**Task prompt:**
Every line with the word "Mercedes" in it should be extracted from the data that follows.

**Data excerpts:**
■ ■ ■ ■ ■ ■ ■

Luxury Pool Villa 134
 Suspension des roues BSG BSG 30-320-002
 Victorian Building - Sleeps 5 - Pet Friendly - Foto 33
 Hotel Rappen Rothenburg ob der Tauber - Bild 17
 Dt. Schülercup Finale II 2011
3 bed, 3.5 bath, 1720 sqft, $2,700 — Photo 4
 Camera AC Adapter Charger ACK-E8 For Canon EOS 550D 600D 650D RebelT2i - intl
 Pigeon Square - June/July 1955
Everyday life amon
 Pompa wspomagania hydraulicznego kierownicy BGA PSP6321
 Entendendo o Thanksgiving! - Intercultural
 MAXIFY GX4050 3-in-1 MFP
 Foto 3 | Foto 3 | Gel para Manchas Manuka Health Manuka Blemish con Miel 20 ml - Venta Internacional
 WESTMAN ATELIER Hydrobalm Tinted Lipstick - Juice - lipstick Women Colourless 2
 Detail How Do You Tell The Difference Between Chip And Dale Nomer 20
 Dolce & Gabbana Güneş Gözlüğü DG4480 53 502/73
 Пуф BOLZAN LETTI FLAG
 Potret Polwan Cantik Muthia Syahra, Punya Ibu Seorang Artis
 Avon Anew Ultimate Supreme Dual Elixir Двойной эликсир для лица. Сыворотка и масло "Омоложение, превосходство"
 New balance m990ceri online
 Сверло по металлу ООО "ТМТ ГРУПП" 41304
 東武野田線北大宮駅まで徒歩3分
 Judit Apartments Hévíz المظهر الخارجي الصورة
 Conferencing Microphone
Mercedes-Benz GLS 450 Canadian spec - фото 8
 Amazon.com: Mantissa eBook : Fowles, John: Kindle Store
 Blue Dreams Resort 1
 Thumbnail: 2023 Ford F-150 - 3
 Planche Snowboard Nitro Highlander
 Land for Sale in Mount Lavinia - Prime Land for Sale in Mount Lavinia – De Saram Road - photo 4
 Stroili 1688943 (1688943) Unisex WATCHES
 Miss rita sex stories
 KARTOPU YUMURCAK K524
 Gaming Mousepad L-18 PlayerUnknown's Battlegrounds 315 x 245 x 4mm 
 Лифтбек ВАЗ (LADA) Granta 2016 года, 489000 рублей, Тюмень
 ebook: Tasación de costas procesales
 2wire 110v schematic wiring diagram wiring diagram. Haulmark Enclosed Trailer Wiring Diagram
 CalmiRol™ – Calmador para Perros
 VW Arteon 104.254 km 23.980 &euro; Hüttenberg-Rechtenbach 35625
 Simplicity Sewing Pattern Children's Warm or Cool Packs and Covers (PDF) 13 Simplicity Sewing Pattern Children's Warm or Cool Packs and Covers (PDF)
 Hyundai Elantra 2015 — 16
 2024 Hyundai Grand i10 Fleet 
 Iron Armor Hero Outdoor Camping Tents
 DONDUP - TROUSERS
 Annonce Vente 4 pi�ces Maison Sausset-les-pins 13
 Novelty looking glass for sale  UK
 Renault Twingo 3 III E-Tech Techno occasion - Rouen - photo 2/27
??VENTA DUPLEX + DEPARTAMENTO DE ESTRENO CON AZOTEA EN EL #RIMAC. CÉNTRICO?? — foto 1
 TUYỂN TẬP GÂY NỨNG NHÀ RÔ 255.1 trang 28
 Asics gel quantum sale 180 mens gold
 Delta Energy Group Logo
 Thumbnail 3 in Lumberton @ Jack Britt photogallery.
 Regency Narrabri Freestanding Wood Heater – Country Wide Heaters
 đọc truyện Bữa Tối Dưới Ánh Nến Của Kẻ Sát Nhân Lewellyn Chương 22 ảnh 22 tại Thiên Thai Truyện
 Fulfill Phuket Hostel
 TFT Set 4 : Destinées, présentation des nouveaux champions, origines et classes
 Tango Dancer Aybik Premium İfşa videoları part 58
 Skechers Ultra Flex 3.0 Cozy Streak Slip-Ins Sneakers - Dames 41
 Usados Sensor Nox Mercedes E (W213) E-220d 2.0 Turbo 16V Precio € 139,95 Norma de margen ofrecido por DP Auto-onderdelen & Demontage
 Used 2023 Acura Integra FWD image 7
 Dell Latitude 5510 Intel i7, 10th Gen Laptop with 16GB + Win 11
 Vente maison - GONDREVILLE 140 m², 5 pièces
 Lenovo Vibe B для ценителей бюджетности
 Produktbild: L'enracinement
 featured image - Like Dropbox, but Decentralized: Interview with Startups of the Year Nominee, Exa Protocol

■ ■ ■ ■ ■ ■ ■

**Result for this task:**
Mercedes-Benz GLS 450 Canadian spec - фото 8
 Usados Sensor Nox Mercedes E (W213) E-220d 2.0 Turbo 16V Precio € 139,95 Norma de margen ofrecido por DP Auto-onderdelen & Demontage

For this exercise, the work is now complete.